When I was little, I loved getting out of the house, finding something new and exciting to do, etc.  My worst fear was getting stuck at home with nothing to do but watch football on Sunday afternoons.  As I've been getting older I've begun appreciating the beauty of home.  I love hiding from the world and its problems, even if it's just for one day, and curling up with a good book, broken up intermittently by good strong doses of napping, and enjoying some peace and quiet.

Gah!  How is it that I identify with both personality types???  Do I even fall into a "category"?



It began to drive me nuts as I seemed to be lost in the netherworld of the great in-between nebulous of the undefined personality.

After living the first 18 years of my life thinking I was nothing but an extreme extrovert with just a few introverted tendencies, over the past couple of years, it appears I've begun to hang my hat at the introverted house a bit more often than the extroverted residence.

My conclusion?  I'm fearfully and wonderfully made, and I don't have to fit into a specific category.  I'm allowed to love my friends dearly, make new ones, get to know their quirks, and learn what makes them tick, while at the same time being allowed to love curling up with a good book and not leave the safety of my bedroom for a day or two.  Furthermore, I reserve the right to change my likes/dislikes whenever I want.  ;)

Yes, I screen all my calls, no, I no longer have a fear of talking on the phone.  Yes, I LOVE my friends, no, I don't feel the need to meet new people all the time.  Yes, I enjoy new and exciting things, no, they don't have to give me purpose anymore.

Are there things that need tweaking in my life?  Yes.  Am I perfect?  Far from it.  It's just that I'm beginning to realize that this thing called "life" is in a constant state of flux, flitting from one thing to the next as God teaches me how to use my abilities to better bring Him the glory He deserves.

The thing is that God uses both extroverts and introverts to further His glory.  Extroverts have the know-how to love people to the best of their abilities, and Introverts have the peace of mind to meditate on God's Word and Truth that it holds, thus being able to love God Himself better.  Being geared more towards one personality type than the other doesn't give an excuse for us to neglect one aspect for the other, but rather shows us what we really need to be working on.

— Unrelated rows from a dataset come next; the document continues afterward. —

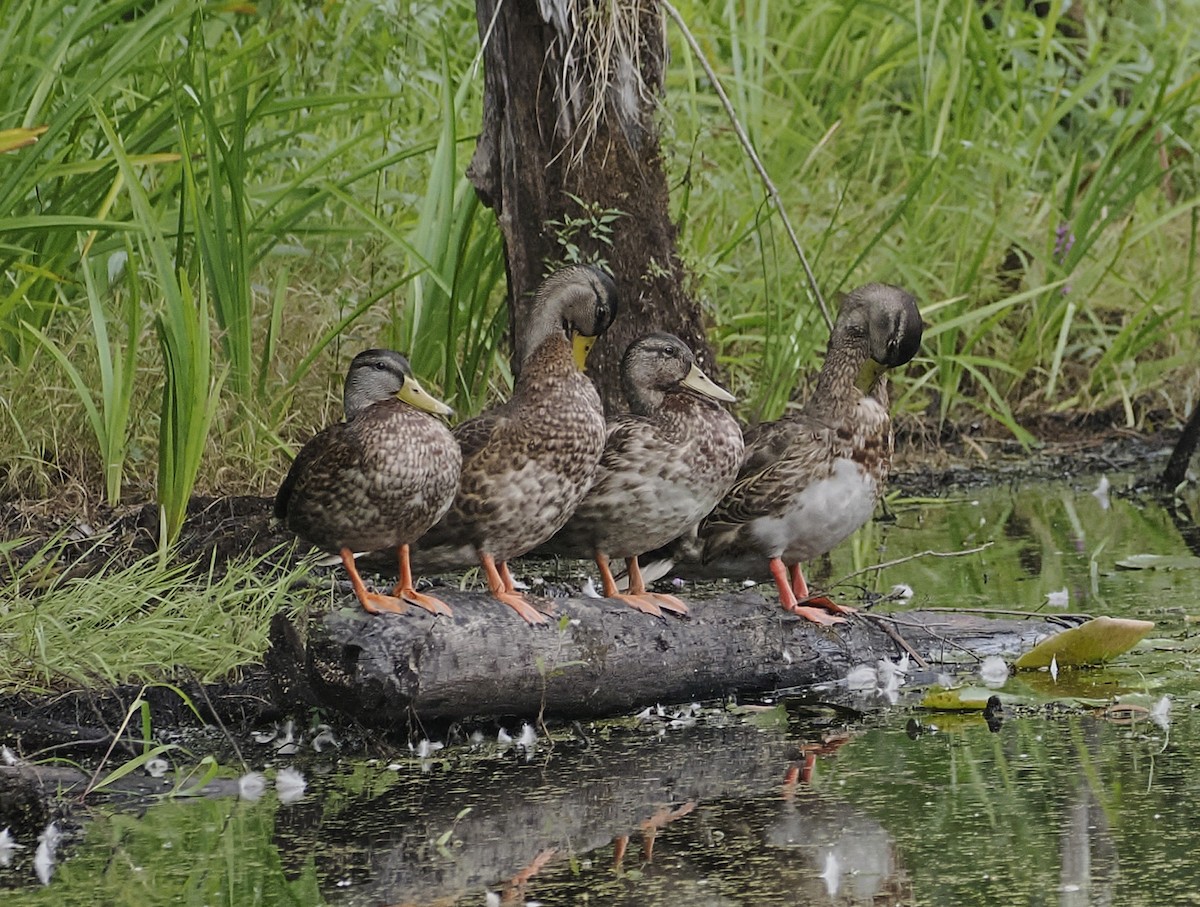 Mallard - ML641295365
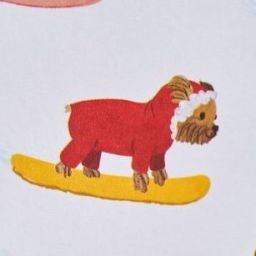 user profile image
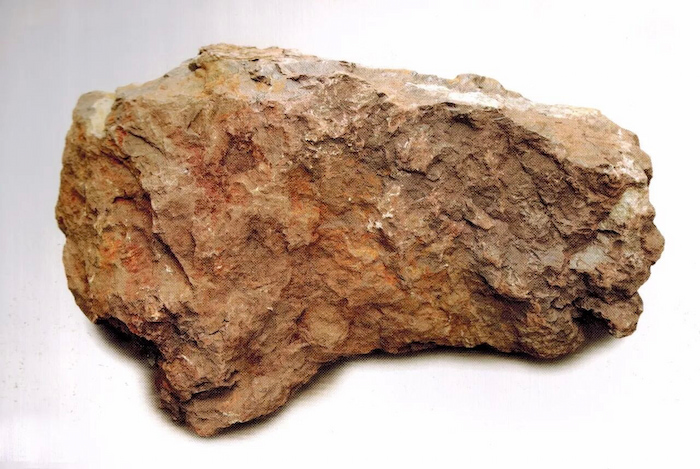 hồng-b&igrave;-long-2.jpg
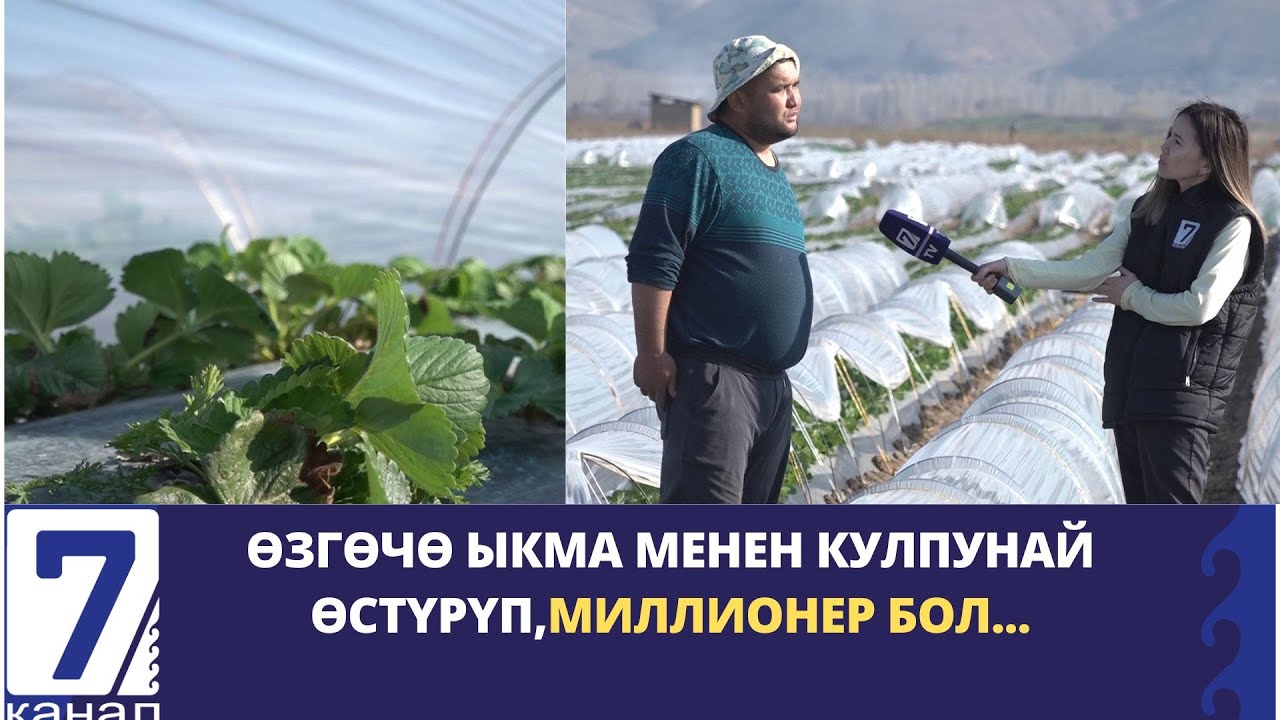 ӨЗГӨЧӨ ЫКМА МЕНЕН КУЛПУНАЙ ӨСТҮРҮП,МИЛЛИОНЕР БОЛ...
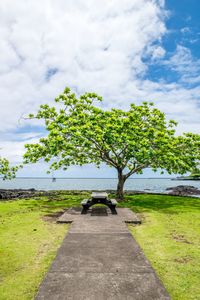 Tree by water against sky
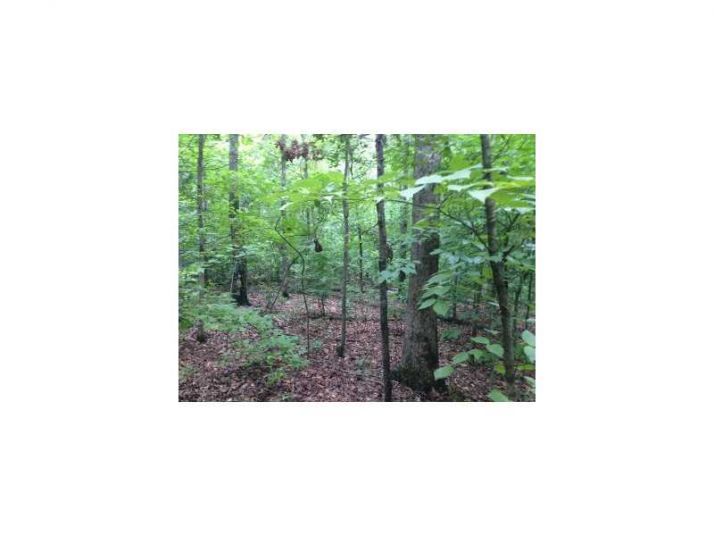 0 Kent Road, Roswell, GA 30075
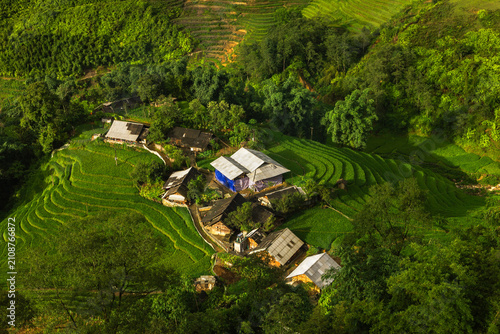 Ethnic Village Nestled in Green Terraced Rice Fields in Sapa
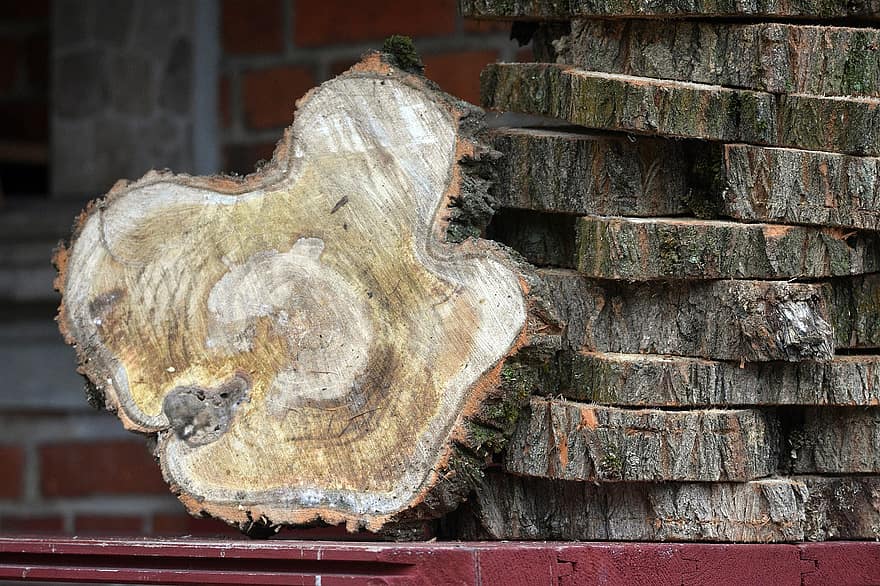 Wood, Slices, Stumps, Growth Rings, Logs, Stacked, Bark, Closeup, close-up, old, brick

At the end of the day, it is this passage that should bring us peace:

For you formed my inward parts;
you knitted me together in my mother's womb.
I praise you, for I am fearfully and wonderfully made.
Wonderful are your works;
my soul knows it very well.
My frame was not hidden from you,
when I was being made in secret,
intricately woven in the depths of the earth.
Your eyes saw my unformed substance;
in your book were written every one of them,
the days that were formed for me,
when as of yet there was none of them.
~ Psalm 139:13-16

 

2 comments:

  1. What a wonderful reminder! I identify with you on so many wonderings and train-of-thought-derailments...perhaps we need to start our own category of The Weirdos. Very much kidding. We're the real normal ones. ;) Thank you for that encouraging note. :)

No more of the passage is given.